==== MATERIAL SHOWN
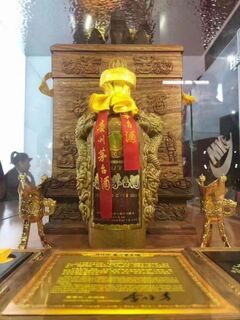 唐山市曹妃甸正规茅台酒回收公司 相关图片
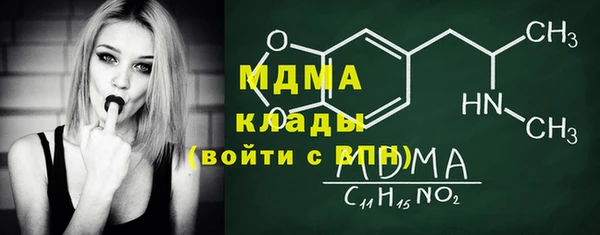 скорость Белокуриха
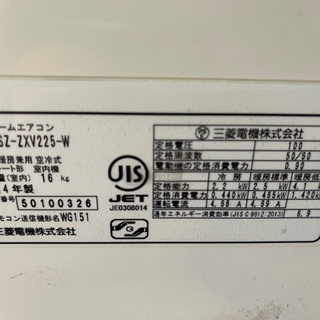 83) エアコン 三菱電機 6-9畳用 100V 2014年製 標準取付工事費込み 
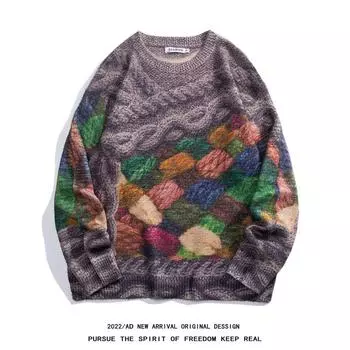 Осень и зима новый мужской дизайн вязаный свитер большой размер молодежный мягкий липкий модный Rascal вязаный свитер M абрикосовый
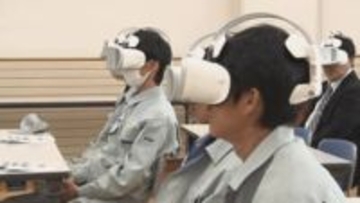 仮想現実＝VRで農業事故を疑似体験「慣れた作業も細心の注意を」農業の担い手育成目指す　高校生が体験【長野・佐久市】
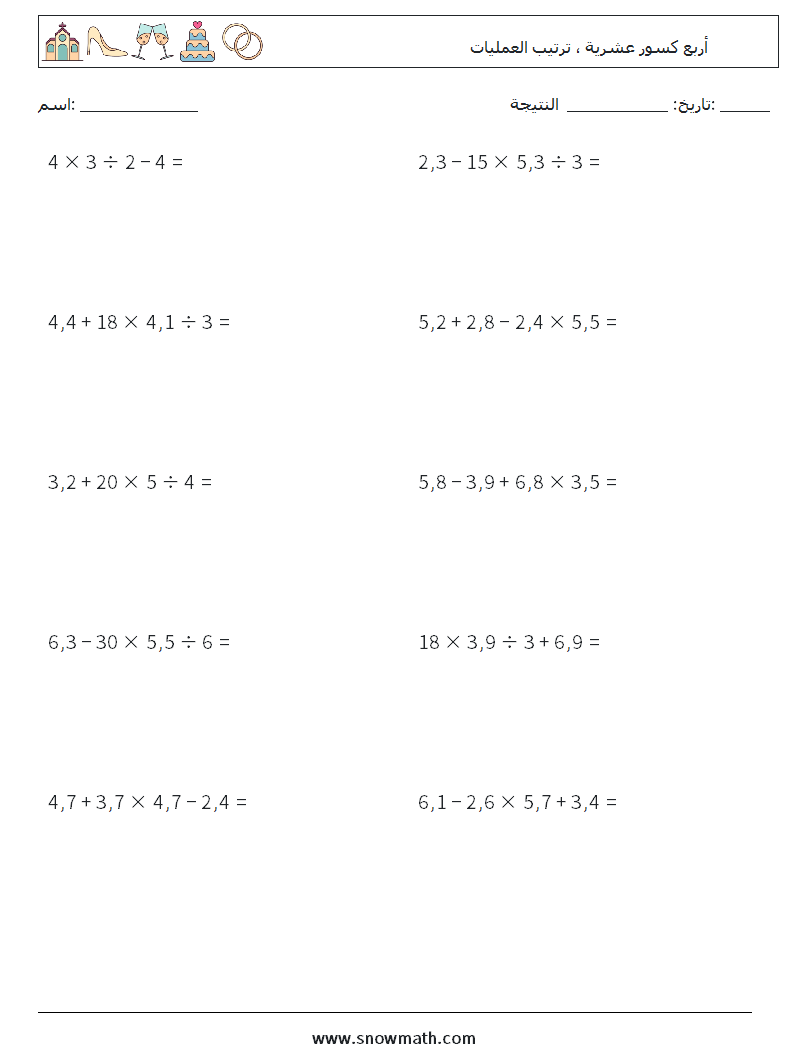 (10) أربع كسور عشرية ، ترتيب العمليات أوراق عمل الرياضيات 17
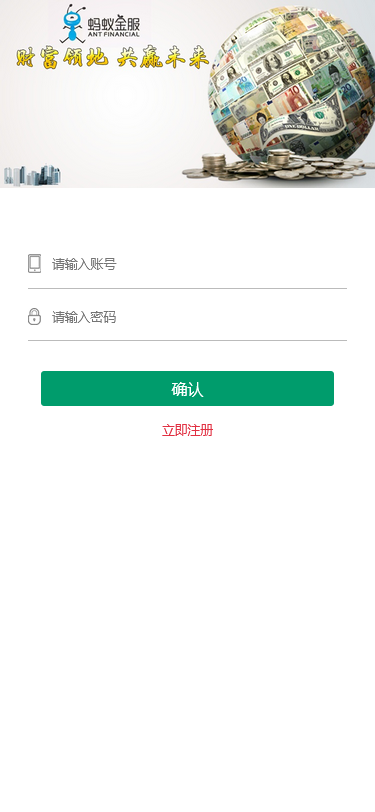 阿里金服蚂蚁金服长线宝理财28源码完整运营版 支持多房间+已修复开奖和机器人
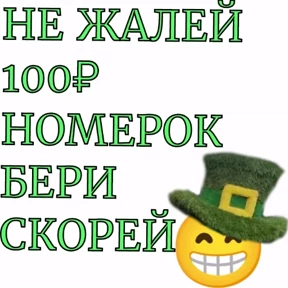 Лот — стикер для MAX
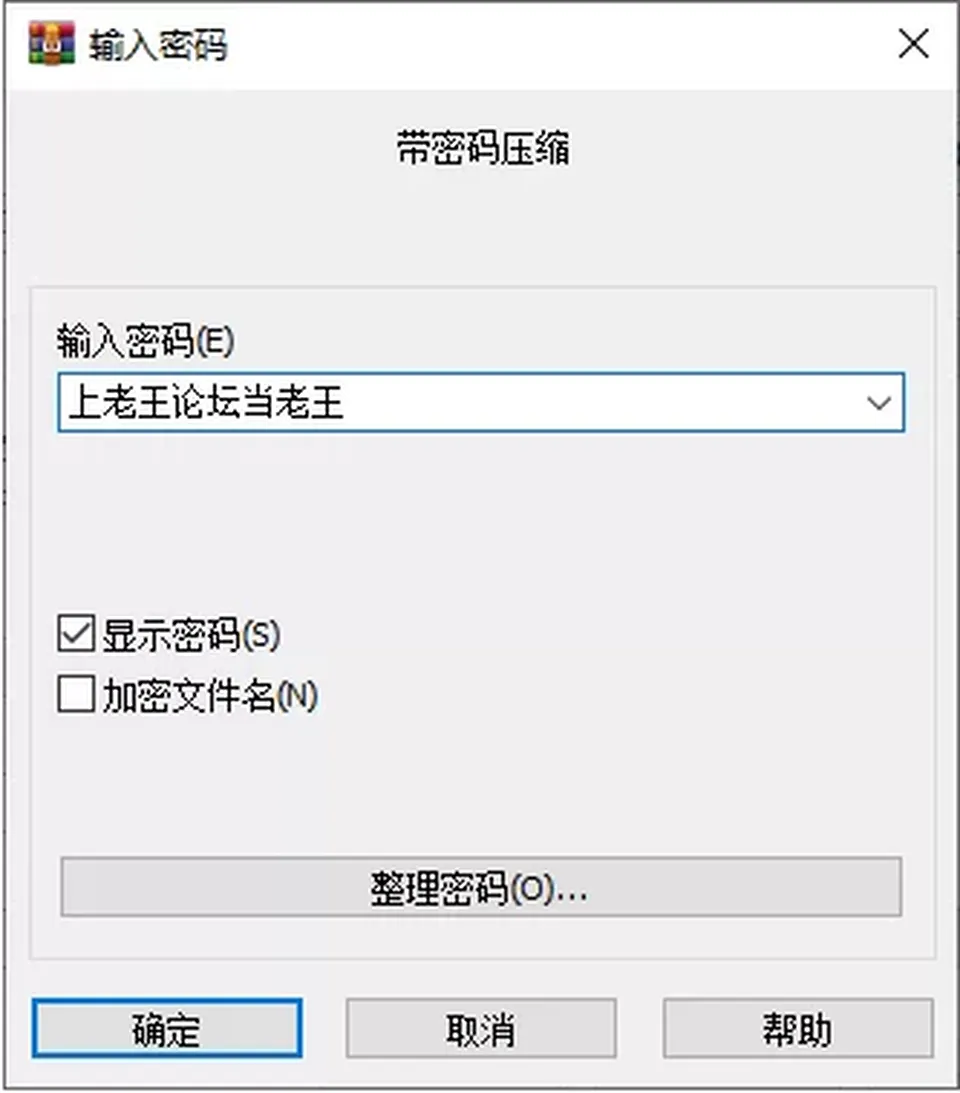 None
========
### YOUR OBJECTIVE
A faithful copy of the data above is wanted, with every image left out.

### FINISHED EXERCISE
 唐山市曹妃甸正规茅台酒回收公司 相关图片
 скорость Белокуриха
 83) エアコン 三菱電機 6-9畳用 100V 2014年製 標準取付工事費込み 
 Осень и зима новый мужской дизайн вязаный свитер большой размер молодежный мягкий липкий модный Rascal вязаный свитер M абрикосовый
 仮想現実＝VRで農業事故を疑似体験「慣れた作業も細心の注意を」農業の担い手育成目指す　高校生が体験【長野・佐久市】
 (10) أربع كسور عشرية ، ترتيب العمليات أوراق عمل الرياضيات 17
 阿里金服蚂蚁金服长线宝理财28源码完整运营版 支持多房间+已修复开奖和机器人
 Лот — стикер для MAX
 None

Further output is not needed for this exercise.